Tag: Technopoly

Saint Benedict in Technopoly

Perhaps it was because I had just finished reading Neil Postman’s 1992 book Technopoly: The Surrender of Culture to Technology when I started in on Rod Dreher’s latest, The Benedict Option: A Strategy for Christians in a Post-Christian Nation, but I was detecting a subtle yet strong Postmanian vibe throughout the book. Then, when Dreher actually quoted Technopoly, I realized that wasn’t a coincidence.

First, a disclaimer: I am (briefly) in The Benedict Option. When Dreher put out a call on his blog for examples of Christian-run businesses, I emailed him about Reba Place Fellowship, the intentional Christian community that over the years has spun off church ministries into actual businesses, like a bicycle repair shop and an Amish furniture store. Months later, in a reply to my comment on one of his unrelated blog posts, he told me I was in the book, much to my surprise. And sure enough, on page 189 there was my name and a short paragraph adapted from my email about Reba.

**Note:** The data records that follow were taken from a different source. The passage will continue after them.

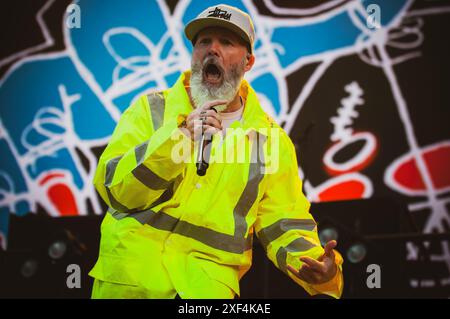 Le groupe américain Limp Bizkit joue au festival Copenhague 2024. Crédit : Andrea Pinna Banque D'Images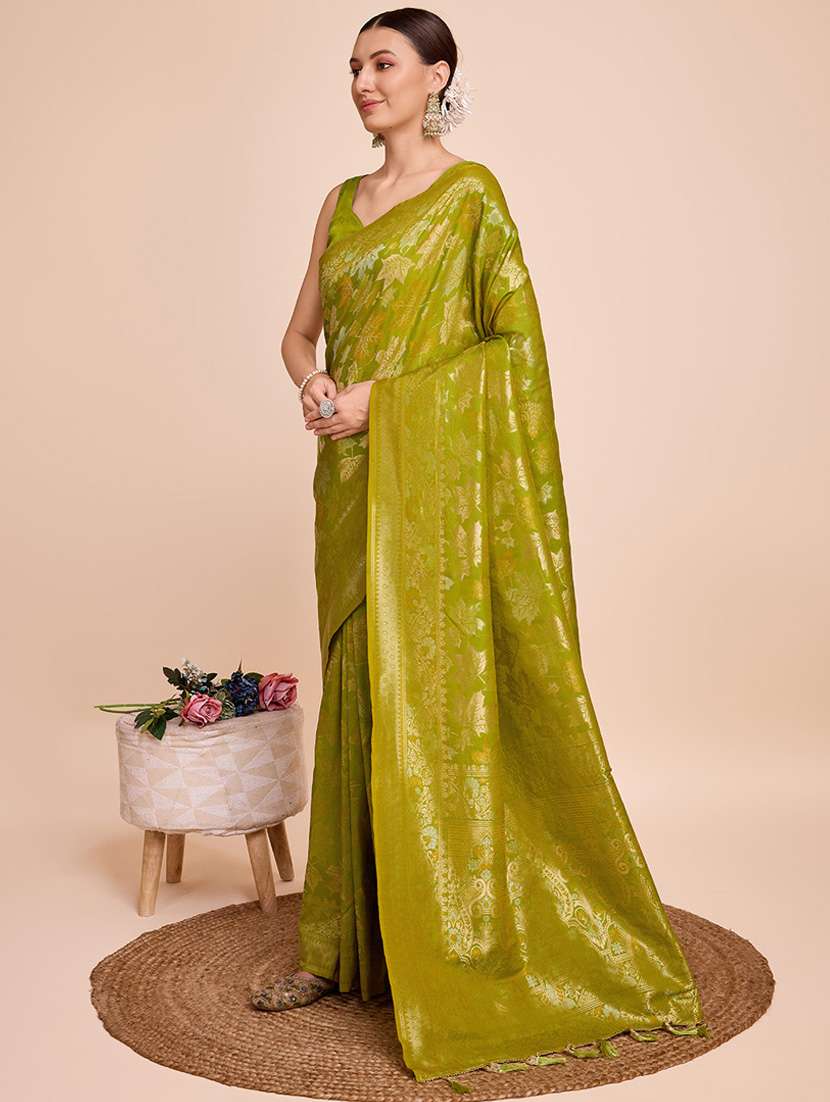 women self design banarasi saree with blouse - 22000065 -  Standard Image - 2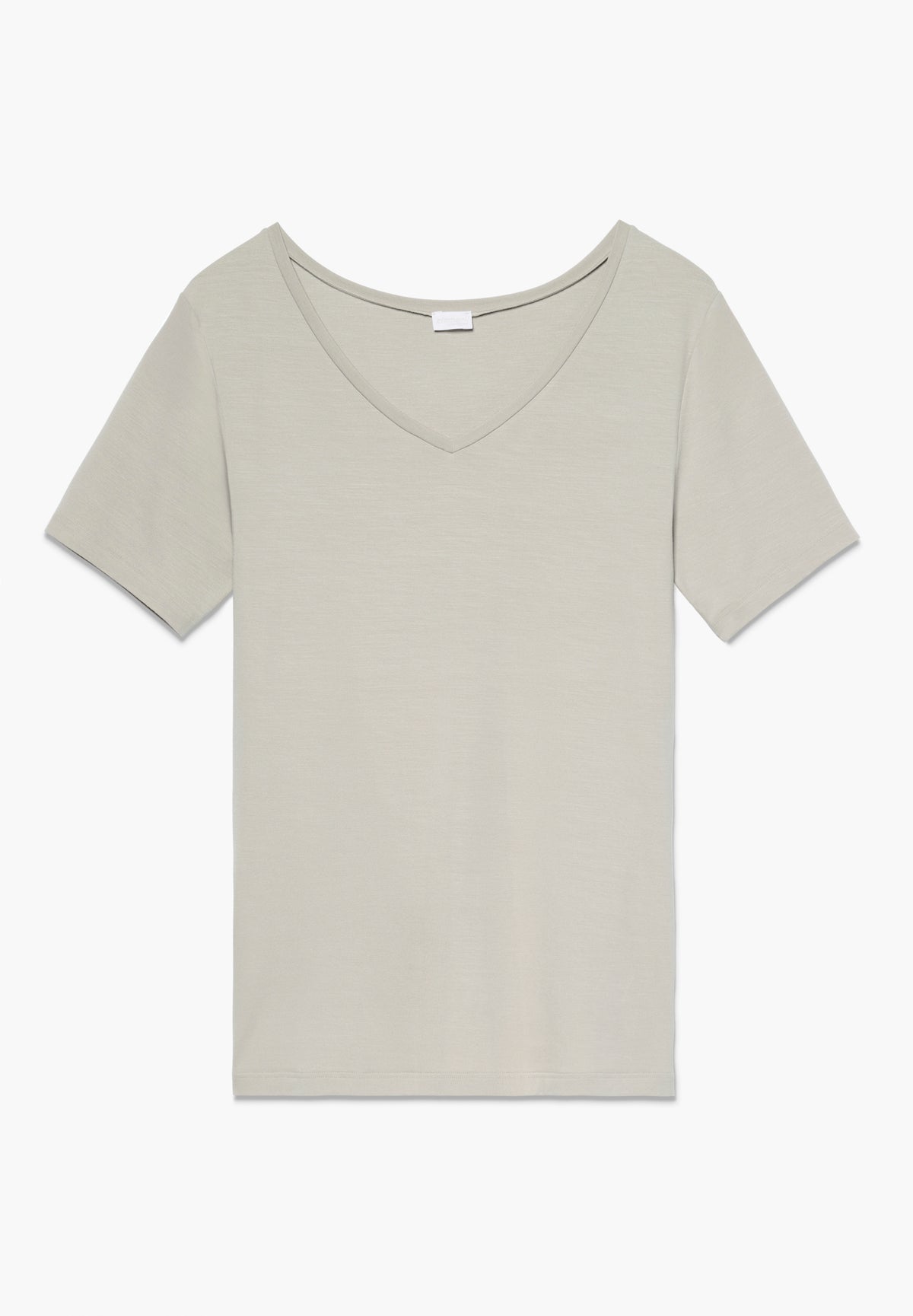 Pureness | T-Shirt kurzarm V-Ausschnitt - laurel oak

I felt compelled to alert Dreher about RPF not only because I think they are a living, functional example of the Benedict Option in action, but also because I’ve followed Rod Dreher’s blog for a while, really enjoyed his books Crunchy Cons and The Little Way of Ruthie Leming, and hoped his new one would contribute to the conversation about religious engagement in civic life.

The Benedict Option really does feel like the secular successor to Technopoly. The two books share a pessimism about the Way Things Are Now and a dire outlook of what’s to come. Dreher’s thesis is that Christians have lost the culture wars and need to reconsider their embedded relationship with the wider (Western) culture, in order to strengthen what’s left of the Church before a new anti-religion dark age descends. This seems like a natural response to the trajectory of Postman’s theory of the Technopoly, which he defines as “totalitarian technocracy” and “the submission of all forms of cultural life to the sovereignty of technique and technology.

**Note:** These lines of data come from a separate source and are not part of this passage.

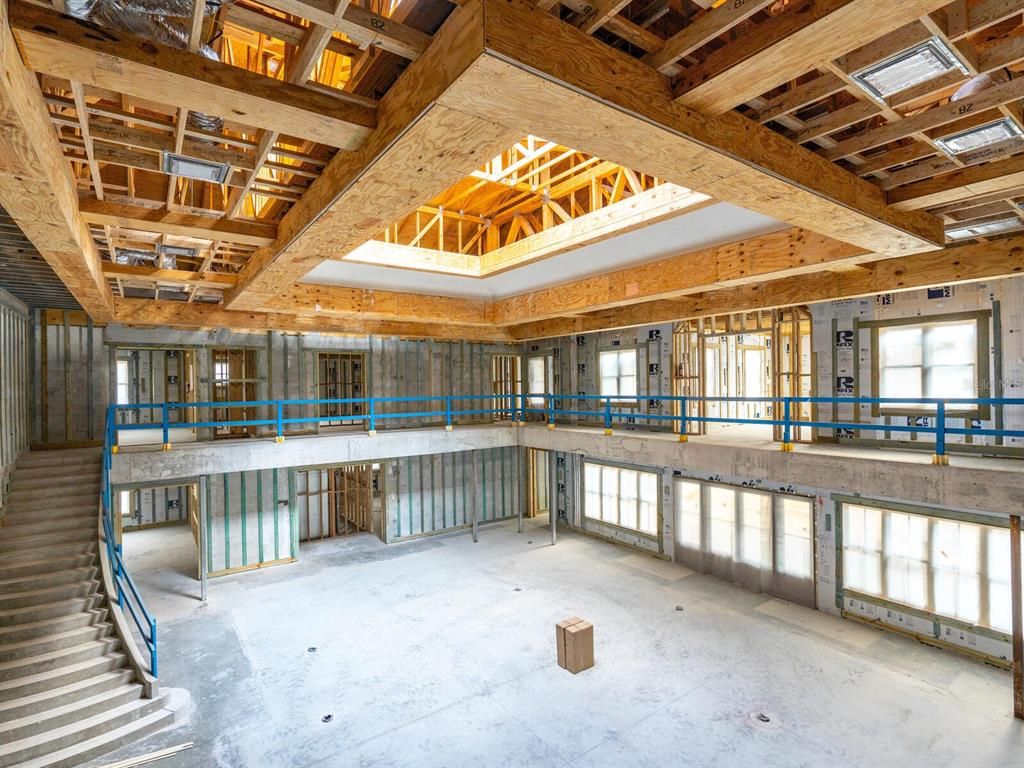 Interior, Wooden Beams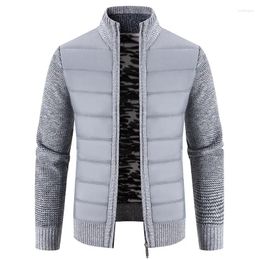 Men's Sweaters Men Winter Sweatercoats Cardigan Jackets Good Quality Male Stand-up Collar Casual Cardigans Slim Fit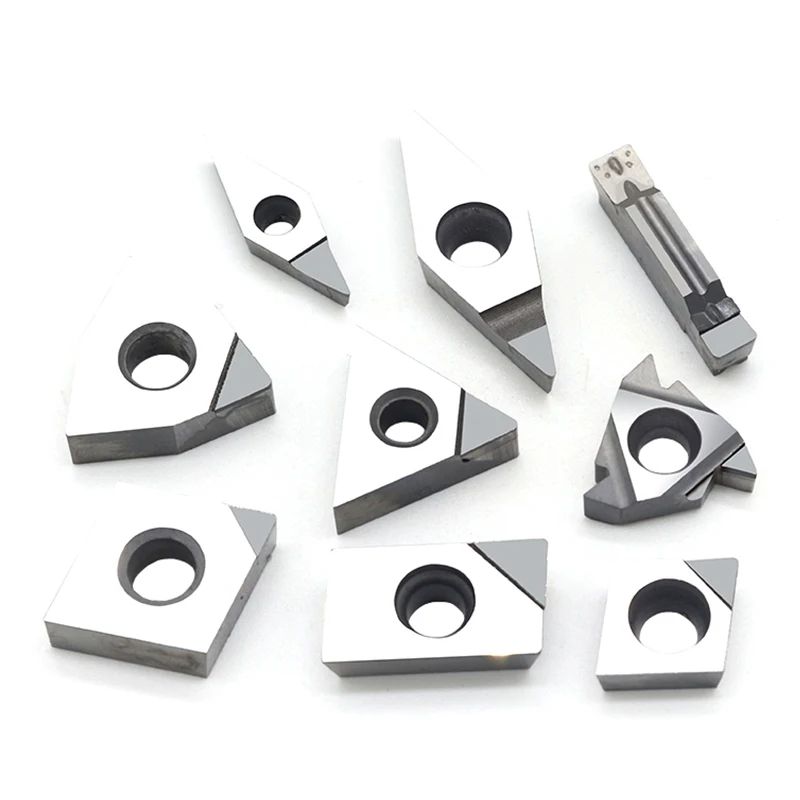 1PC CCMT060202 CCMT060204 CCMT09T304 CCMT09T308 CCMT120404 CCMT120408 PCD CBN Diamond Inserts CCMT CNC Lathe Cutter Tool Blade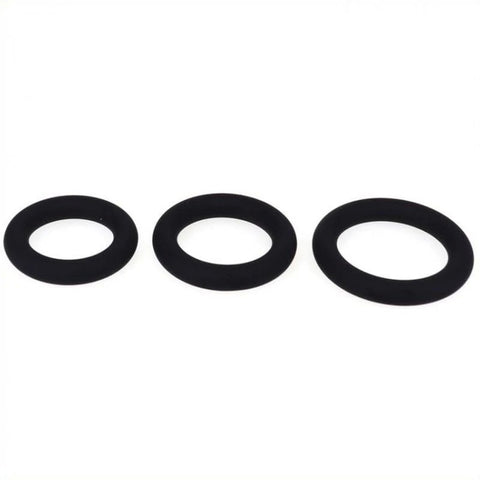 Silicone Stretchy Cock Ring Set - Cock Rings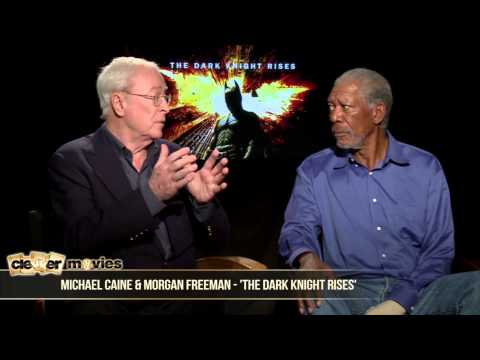 Michael Caine & Morgan Freeman Talk 'The Dark Knight Rises'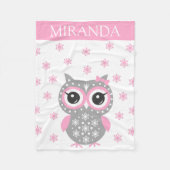 Aangepaste naam Baby Girl Fleece Blanket Deken (Voorkant)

Written 25 years ago, several passages in Technopoly would be right at home in The Benedict Option, like the one about the erosion of cultural symbols:

In Technopoly, the trivialization of significant cultural symbols is largely conducted by commercial enterprise. This occurs not because corporate America is greedy but because the adoration of technology preempts the adoration of anything else. … Tradition is, in fact, nothing but the acknowledgment of the authority of symbols and the relevance of the narratives that gave birth to them. With the erosion of symbols there follows a loss of narrative, which is one of the most debilitating consequences of Technopoly’s power.

And Technopoly’s hollow solipsism:

The Technopoly story is without a moral center. It puts in its place efficiency, interest, and economic advantage. It promises heaven on earth through the conveniences of technological progress. It casts aside all traditional narratives and symbols that suggest stability and orderliness, and tells, instead, of a life of skills, technical expertise, and the ecstasy of consumption. Its purpose is to produce functionaries for an ongoing Technopoly.

Technopoly offers so much more to unpack, much of it specifically related to technology and education, but another nugget I thought aligned very well with Dreher’s Benedict Option is Postman’s call for “those who wish to defend themselves against the worst effects of the American Technopoly” to become “loving resistance fighters.” He defines a technological resistance fighter as someone who “maintains an epistemological and psychic distance from any technology, so that it always appears somewhat strange, never inevitable, never natural.”

Religious resistance fighters don’t “run for the hills” as critics of the Benedict Option would have it say. (Though Dreher does end the book with Benedictine monks in Italy literally running for the hills after an earthquake destroys their monastery—a reasonable action, but ironic given his frustration for the “run for the hills” criticism.) In fact, the work of resistance requires direct engagement within the larger cultural life. But it also requires deliberate and distinctive separation—if not physically, then spiritually, ethically, and intellectually.

Dreher bemoans the submission of churchgoers to the pressures of secular culture (i.e. the Technopoly), whether it’s the now widespread acceptance of gay marriage, the rootless and self-interested browsing of different churches, or the unfettered access to technology parents allow their children. The principles in the Rule of St. Benedict, originally established for sixth-century monks cloistered away from the chaotic post-Rome Europe, offer a way for modern Christians to shore up their spiritual discipline while reconnecting with ancient traditions.

Most of his proposals (neatly summarized here) should not be terribly controversial among committed believers, though some, like pulling your kids out of public school, seem unduly influenced by his alarmism and are much easier said than done.

But that seems to be his point: Christianity isn’t supposed to be easy. Monks don’t join a monastery to sit around and avoid the world; they work hard! They take the claims and commandments of their Savior and Scripture seriously and endeavor to follow them.

Postman has been proven right. He didn’t live to see today’s wholesale surrender to smartphones and Silicon Valley’s tech-utopianism, but he’d have a serious case of the “I told you so”s if he did. Whether Dreher’s predictions for the demise of Christianity also come to pass remains to be seen, but you don’t have to be a doomsday prepping zealot to realize that it is good to hope for the best while preparing for the worst.